Reita's hand is reaching out for me but he can't reach and he isn't jumping the space between us to get me. Another shadow it faster for me to realize that its Uruha grabbing a fist full of Reita's clothes and desperately trying to pull him away. The tears in his vibrant brown eyes and the whites of his teeth along with the pink of his tongue told me he was screaming at Reita. Reita though isn't listening, his eyes never leaving off of mine even though now the distance between his hand and my own is growing farther apart. As slow as everything is moving, Uruha's fighting to pull Reita is brief as time seemed to speed and the forced movements of my chest locked. I gasp and rise as if rising from the dead, twisting against the metal of the elevator doors below me. When did this box get so turned around? My head feels like the most heaviest weight it rolling against my shoulders making it difficult to crawl onto my hands and knees.

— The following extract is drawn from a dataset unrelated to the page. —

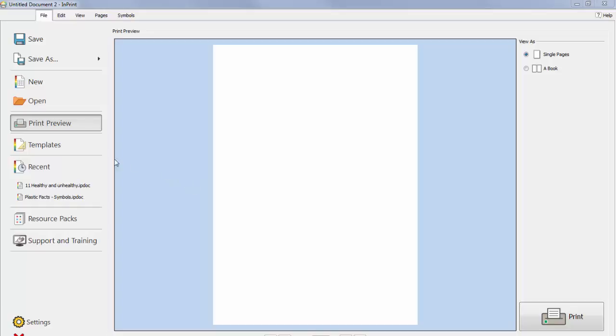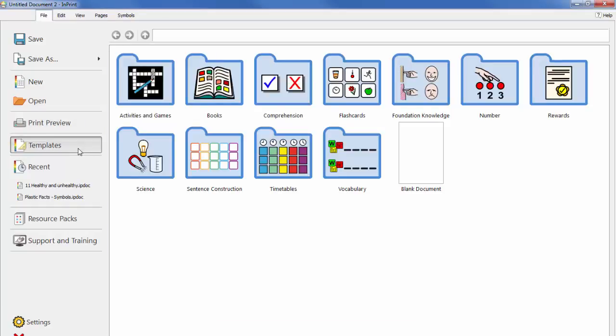To access the templates, select the templates option from the launcher or file tab. You will then be shown a number of folders sorted by topic containing ready-made templates.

"KAI! KAI! COME ON!" I hear Reita's voice behind me, I can tell from not looking that he is no longer in sight above me but farther away mixing in with the chaos and cacophony of metal twisting and tearing over the sound of panicked screams from horror stricken school boys. "MIYAVI!" I couldn't concentrate on what Reita was doing or why Uruha suddenly screamed because it was at this moment my confused eyes had me realize that I was in some deep shit of my own. Literally up on my hands and knees in shit. Well cement, wet cement. "W, what's going on?" I manage to breath past the tightness of my throat that I didn't even know was there. Now that I was aware of that tear springing lump in my throat my vision blurrs with tears. A further drop of helplessness and despair comes with my limited vision, sniffling and trying to blink my eyes clear. I can't think like this, I can't even see that this weakness was going to be the death of me for sure. I know this, but I can't stop crying for the life of me!

The cement is cold, freezing; its painfully up my fingernails, squeezing around my wrist, trapping the toes of my shoes, feeling like a sprain creeping up my knees. My lips quiver, I can only shake my head back and forth as though denying the trap Im in. The elevator doors beneath me are allowing cement to seep through the opening, and its only coming in faster as I sit there and let it swallow me. With a wet swallow and a pull of my bottom lip into my lips carefully I try rising to my feet. Easily my shaking hands pull free from the gray muck, the sleeves of my shirt feel heavy and cold as I lift my hands before my face, straightening. Unsteadily I climb up to my feet, the weight of my hands and head and suddenly light and frail state of my body shake with weakness.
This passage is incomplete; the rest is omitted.